**DATASET EXTRACT**
= = = = = = =

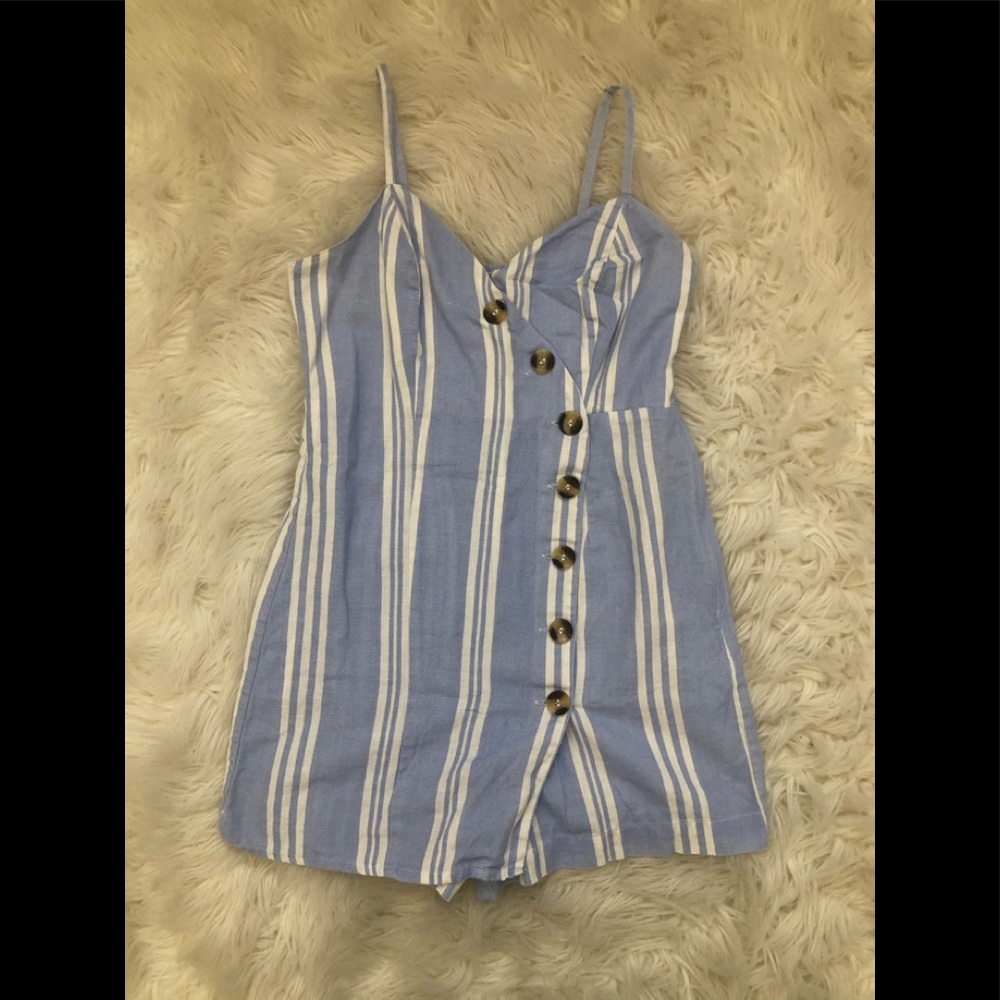 5/$40 🌸 Romper Dress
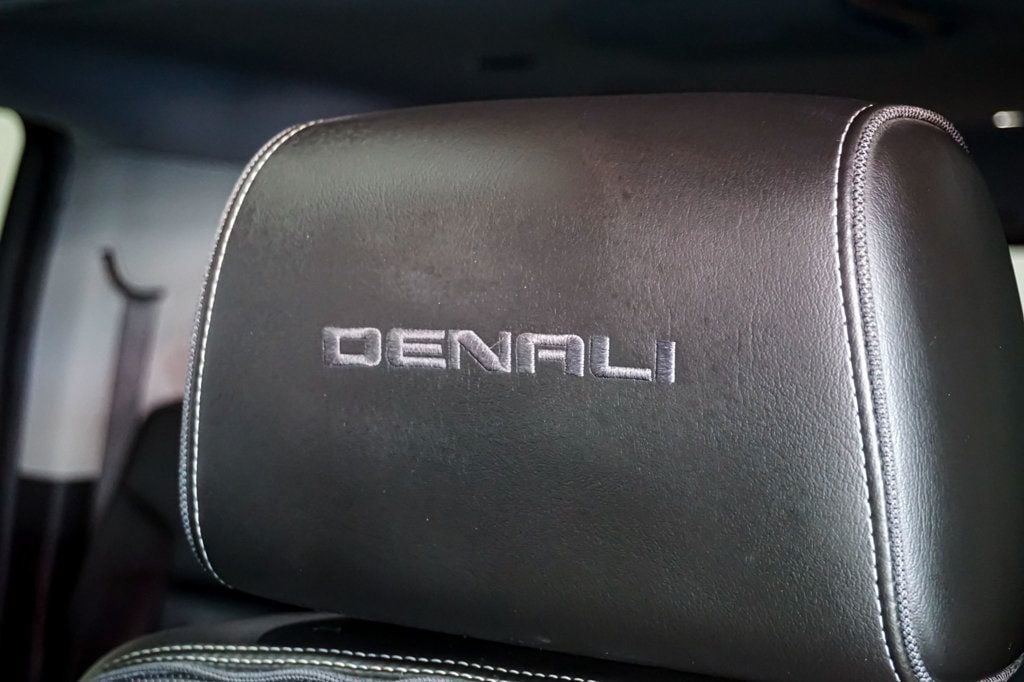 2018 GMC Yukon XL *Yukon XL Denali* *4WD* *Black/Black* *Nav/DVD* - 22973142 - 77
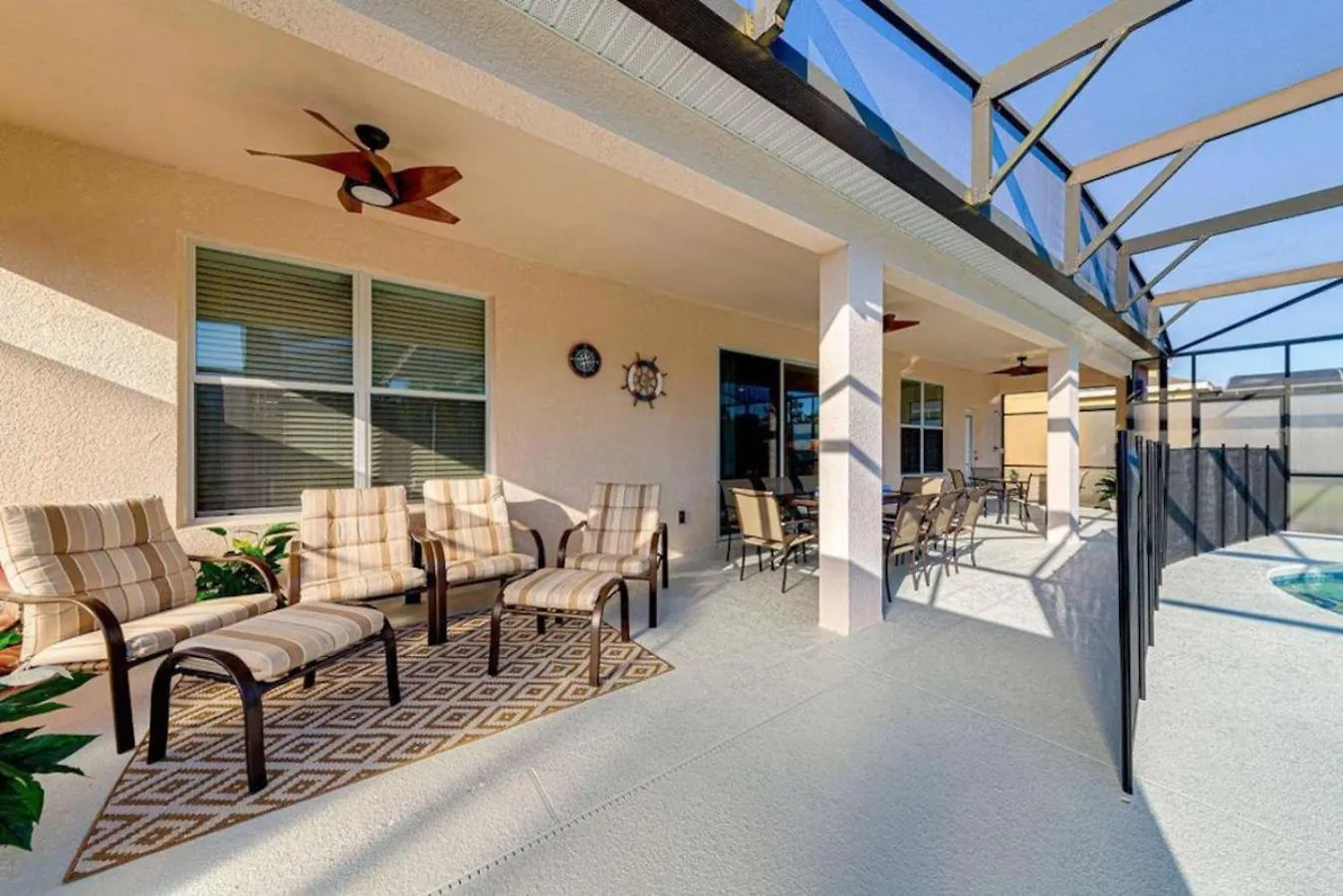 Holiday home Huge Deck Area, Private Conservation Views, 5 Beds Davenport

= = = = = = =

**WORK INSTRUCTIONS**
Leave out the pictures and set down all of the data exactly.

**WRITTEN SOLUTION**
 5/$40 🌸 Romper Dress
 2018 GMC Yukon XL *Yukon XL Denali* *4WD* *Black/Black* *Nav/DVD* - 22973142 - 77
 Holiday home Huge Deck Area, Private Conservation Views, 5 Beds Davenport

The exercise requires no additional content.